Market and New Jersey: The Evolution of an Urban Corner

Now that Public Greens is open on the corner of NJ and Market, I figured it would be a good time to see the evolution of this corner, which less than a decade ago was an urban disaster. How bad was it in, say, 2007? This bad:

Image Credit: Google Street View

The opposite corner was not any better. It was a surface parking lot for over a decade after the demolition of Market Square Arena:

Image Credit: Google Street View

I also looked at the corner in 2011:

Image Credit: Google Street View
Image Credit: Google Street View

The construction that is visible in the last photo is merely a gravel parking lot turning into a paved parking lot, to match the other paved lot on the north side of the street.

Flash forward to Wednesday of this week, and it’s a different scene:

Image Credit: Kevin Kastner
Image Credit: Kevin Kastner
Image Credit: Kevin Kastner

There are some issues, still. I really wish that the Whole Foods/Starbucks building could have been configured without the mid-block car entry on Market Street. The apartments on the east side of the street are…well…hmm. But, overall, the corner is interesting to me, because these streets are not as wide as standard downtown Indy streets.

I wish we had a lot more intersections of this width. Cars go pretty slowly through here, even with the (silly) one-way street on New Jersey. There are no bike lanes, but bikes don’t feel out of place at all. The closest transit stop is one block over on Alabama Street, so not too far away. Basically, it’s fully built out for now, so whatever is here will likely be here for a while.

Comments 9

  • I agree the intersection has improved tremendously over what has been there in the past. But there are improvements that still need to be made-most importantly pedestrian signals. Try crossing New Jersey St. on the north side of Market Street as a pedestrian; there are no pedestrian signals here making this crossing very dangerous for pedestrians. In addition, Market Street and the intersection are in terrible shape due to all of the recent construction. I believe the city has a project planned this summer to resurface the street and the intersection.

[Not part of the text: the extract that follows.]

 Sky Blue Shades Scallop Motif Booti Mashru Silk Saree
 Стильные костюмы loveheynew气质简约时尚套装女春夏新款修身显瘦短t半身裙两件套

I am not sure if that project will address the traffic signal issue.

    • It’s true, and I did omit this detail from the blog post. I have been assured by DPW that the new crosswalk signals will be in place after the Market Street project. Looking forward to that, because as you say, it’s not good right now.

    • wish they’d make it brick so it wouldn’t be so high maintenance and it’d be uniform with market street east of this development to the circle… plus it encourages slower driving.

  • No matter how many times I see those orange apartments tacked to the side of the parking garage, I catch myself wondering when they are going to put the exterior paneling over the sheathing.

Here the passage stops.